**RAW DATA:**
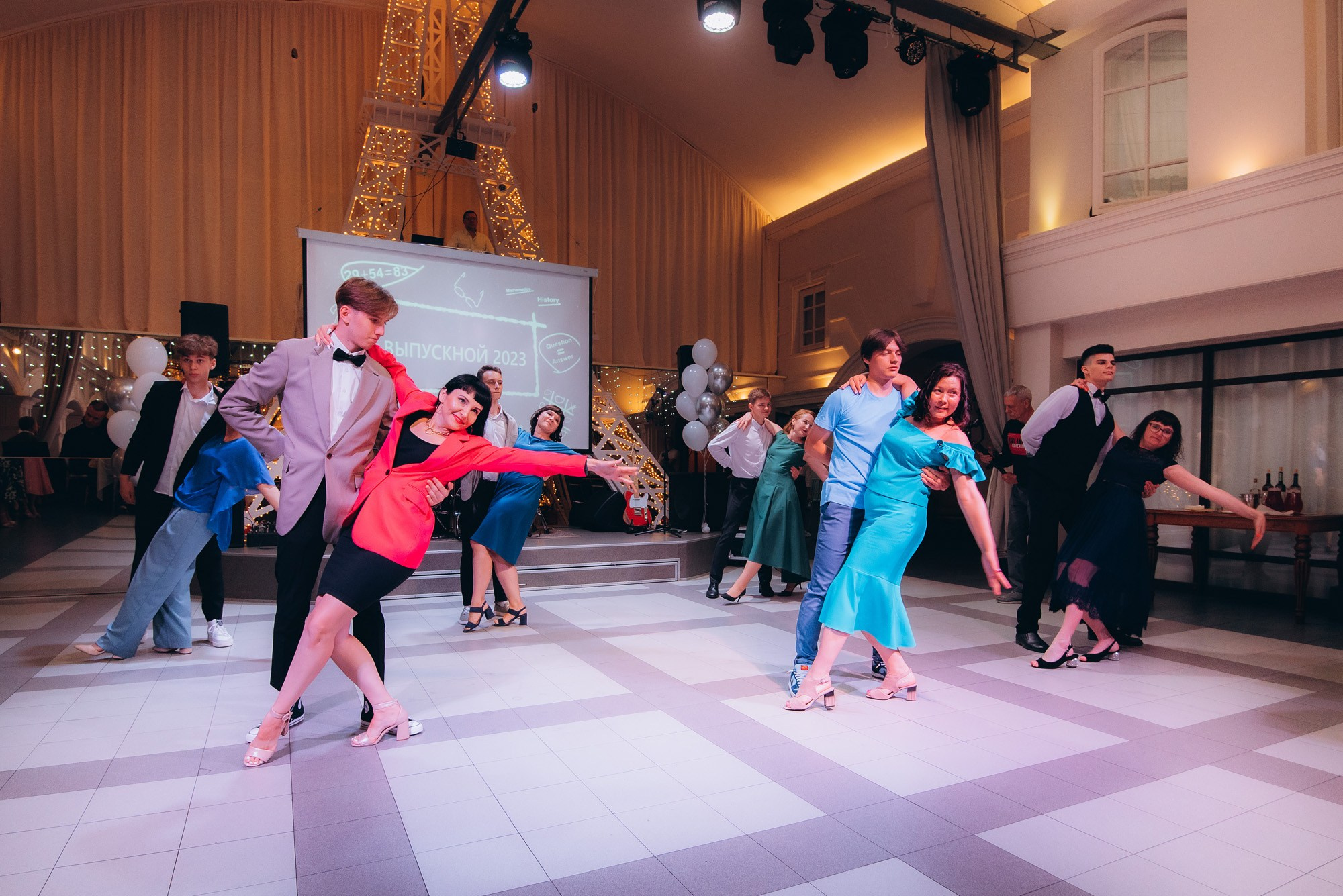 Выпускной 9-11классы. Выпускные книги Анапа Новороссийск Краснодар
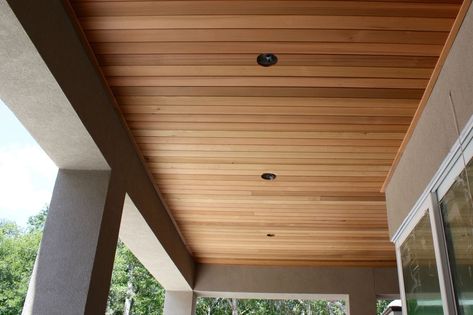 Western red cedar porch ceiling paneling. Patio Ceiling Ideas, Cedar Ceiling, Wood Plank Ceiling, Ceiling Cladding, Porch Wood, Cedar Roof, Plank Ceiling, Porch Ceiling, Timber Ceiling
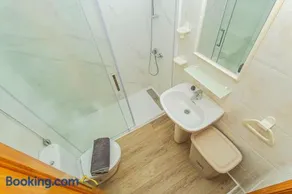 Gemütliche Ferienwohnung mit Garten, Terrasse und Pool | Nah am Strand - Image 2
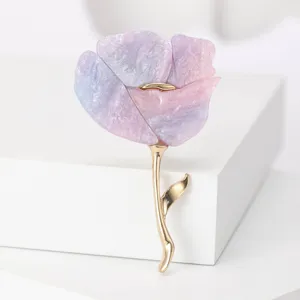 Detailansicht der großen lila Blumenbrosche mit goldenem Legierungsstiel für Mäntel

**PROBLEM DETAILS:** Output the lines above in full and exactly. Leave out every picture.

**RESPONSE:**
 Выпускной 9-11классы. Выпускные книги Анапа Новороссийск Краснодар
 Western red cedar porch ceiling paneling. Patio Ceiling Ideas, Cedar Ceiling, Wood Plank Ceiling, Ceiling Cladding, Porch Wood, Cedar Roof, Plank Ceiling, Porch Ceiling, Timber Ceiling
 Gemütliche Ferienwohnung mit Garten, Terrasse und Pool | Nah am Strand - Image 2
 Detailansicht der großen lila Blumenbrosche mit goldenem Legierungsstiel für Mäntel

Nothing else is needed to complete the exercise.